Why read it? (Novel) Stephen Crane had never experienced a battle. Yet he was able to portray vividly the mind and impressions of the ordinary foot soldier. You are there with Henry Fleming as he goes from a belief that he will be courageous in war to flight and then to re-engagement in the confusing and frustrating circumstances of the Civil War. However, this is not so much a war story as it is the portrait of the mind of a young recruit as he engages in his first experience of war. It’s a psychological and impressionistic novel. Crane had been much influenced by the philosophy of warfare as displayed in Tolstoy’s War and Peace.

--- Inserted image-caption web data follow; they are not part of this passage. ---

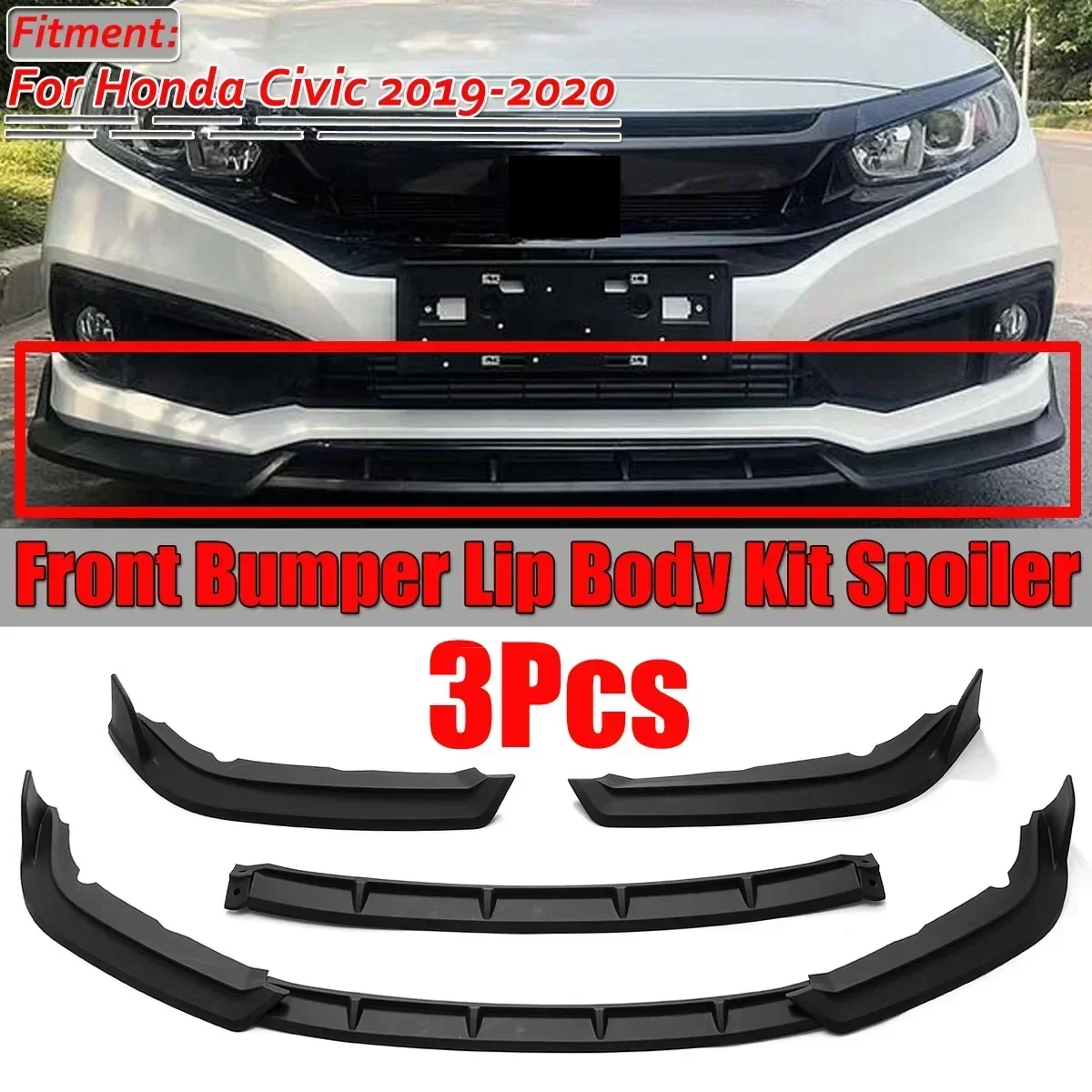 

For Honda Civic 2019 2020 Car Front Bumper Lip Spoiler Diffuser Deflector Body Kit Protection Guard Car Accessories Body Kit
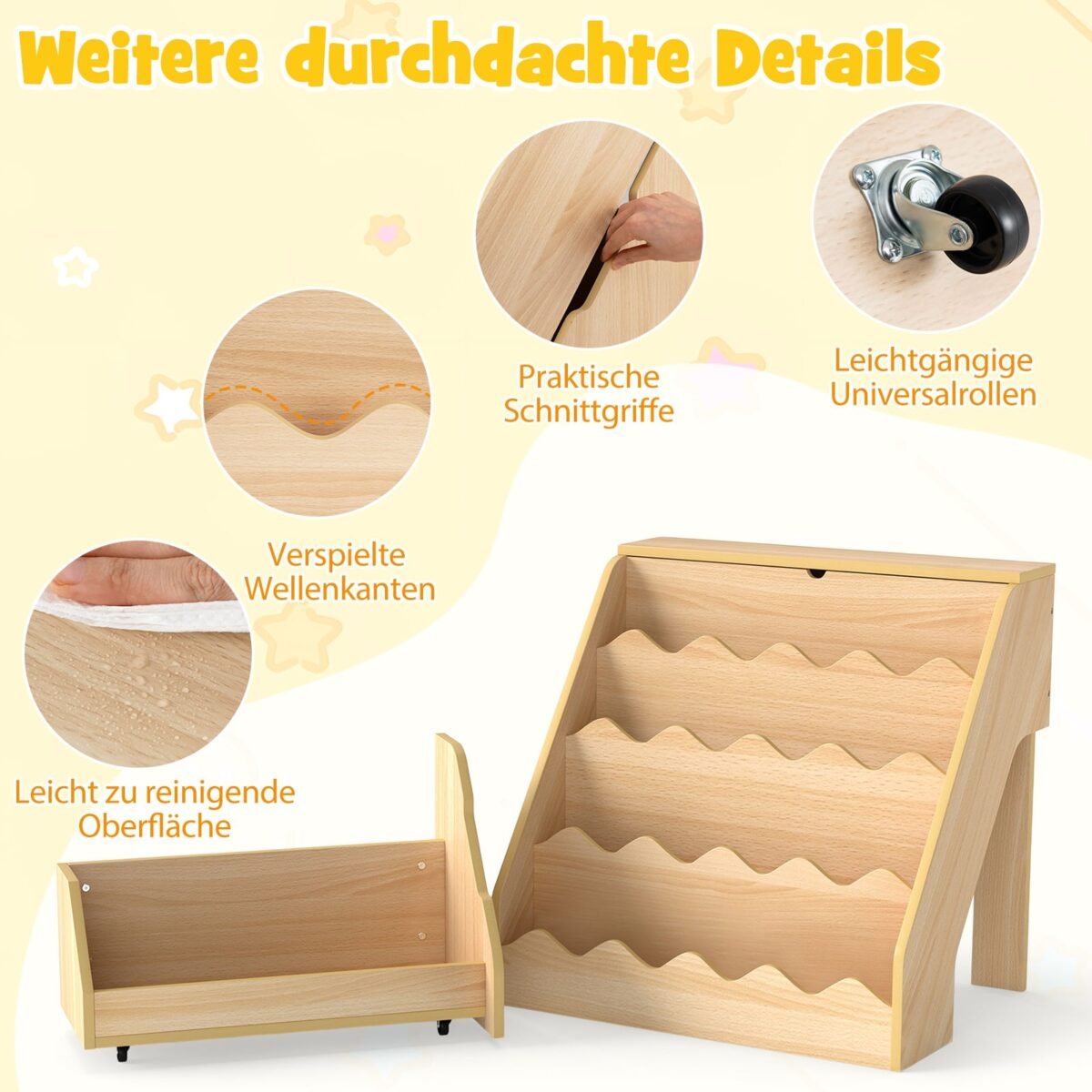 Keturių pakopų vaikiška knygų lentyna su atverčiamu skyriumi ir ištraukiamu stalčiumi (Natūrali) – Paveikslėlis 3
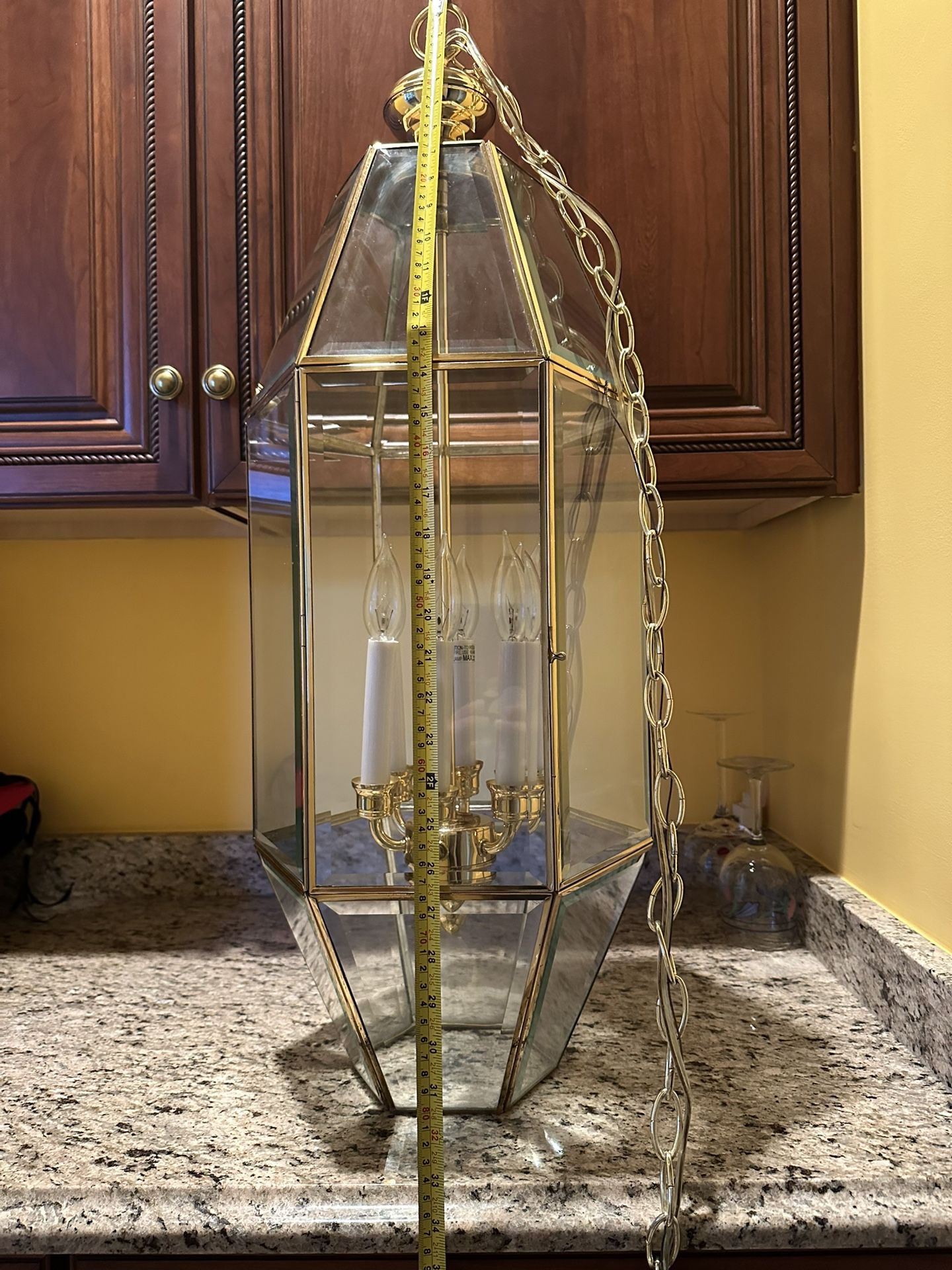 Hexagonal Brass with Beveled Glass & 6Light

Confusion, luck, irony and destruction of minds and bodies.
“He had the belief that real war was a series of death struggles with small time in between for sleep and meals; but since his regiment had come to the field the army had done little but sit still and try to keep warm.” p. 7. ………. “…sudden spatter of firing.” p. 9. ………. “They were going to look at war, the red animal—war, the blood-swollen God.” p. 27.
“During this halt many men in the regiment began erecting tiny hills in front of them…used stones, sticks, earth, and anything they thought might turn a bullet…in a short time there was quite a barricade along the regimental fronts…. However, they were ordered to withdraw from that place.” p. 27. ………. “Some wished to fight like duelists, believing it to be correct to stand erect and be, from their feet to their foreheads, a mark…but the others scoffed in reply, and pointed to the veterans on the flanks who were digging at the ground like terriers.” p. 28. ………. “A shell screaming like a storm banshee went over the huddled heads of the reserves…landed in the grove, and exploding redly flung the brown earth…a little shower of pine needles.” p. 33.

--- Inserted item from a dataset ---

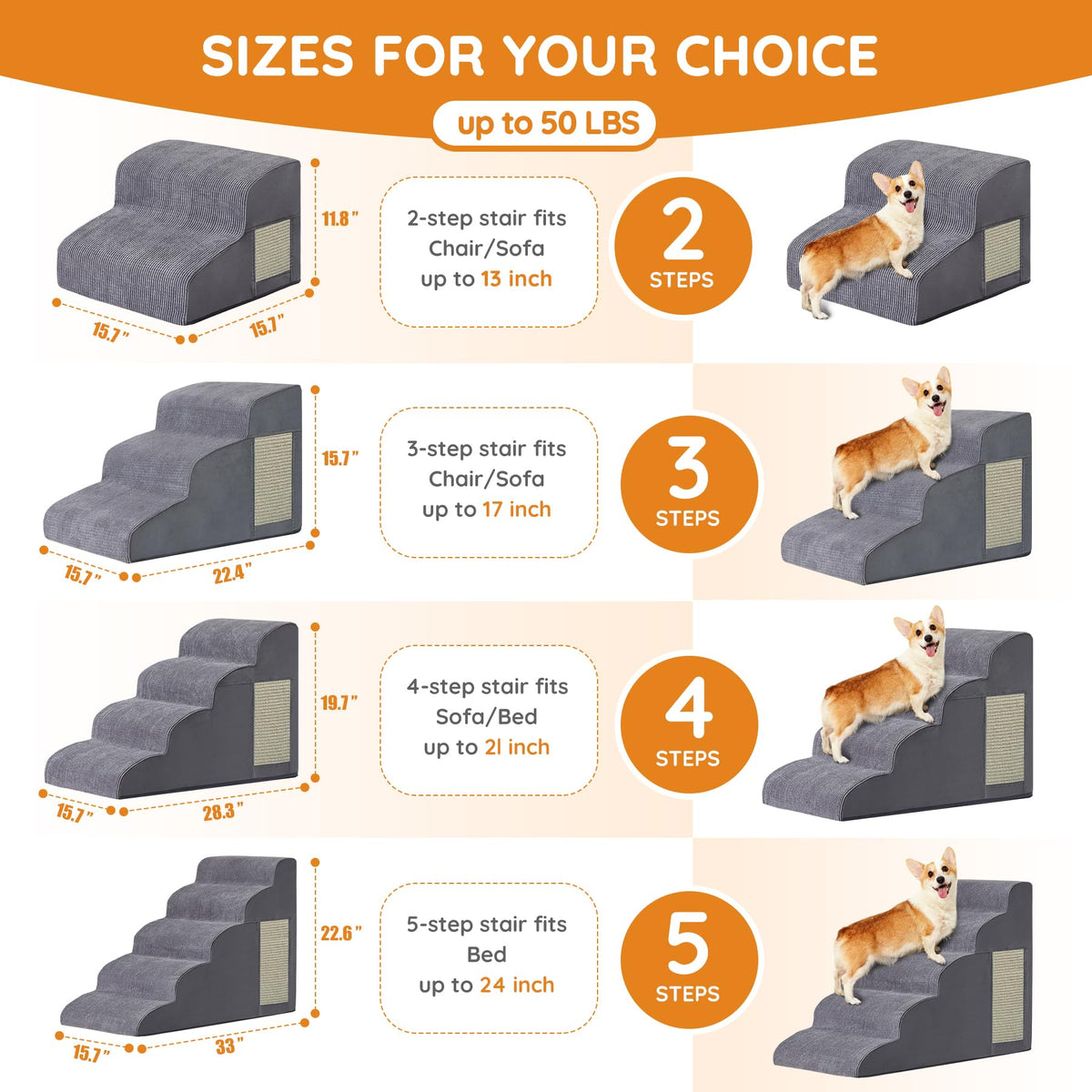 Dog Stairs 2-Step Grey Y270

“Bullets began to whistle among the branches and nip at the trees; twigs and leaves came sailing down…as if a thousand axes, wee and invisible, were being wielded…. Men were constantly dodging and ducking their heads.” p. 33. ………. “The men dropped here and there like bundles.” p. 40. ………. “As he gazed around him the youth felt a flash of astonishment at the blue, pure sky and the sun gleaming on the trees and fields…. Surprising that nature had gone tranquilly on with her golden process in the midst of so much devilment.” p. 42.
“On his face was the horror of those things which he imagined.” p. 46. ………. “He had fled, he told himself, because annihilation approached…had done a good part in saving himself, who was a little piece of the army…had considered the time to be one in which it was the duty of every little piece to rescue itself if possible…. Later the officers could fit the pieces together again, and make a battle front…. If none of the little pieces were wise enough to save themselves from the flurry of death at such a time, why, then where would be the army. …all plain that he had proceeded according to very correct and commendable rules…actions had been sagacious…had been full of strategy.” p. 51.
Comment: And so, Henry Fleming had fled and justified it in his own mind. If he did not save himself, how would he live to fight another day? He would go on to be accidentally hit on the head by a fellow soldier’s rifle, would be bandaged up, would be, therefore, “wounded” and had received his “red badge of courage.” Now he could fight with courage as if he were one with all the other men around him. No question about it. Stephen Crane, without ever having experienced a battle, was able to vividly depict the mind and impressions of the foot soldier. An impressive novel. RayS.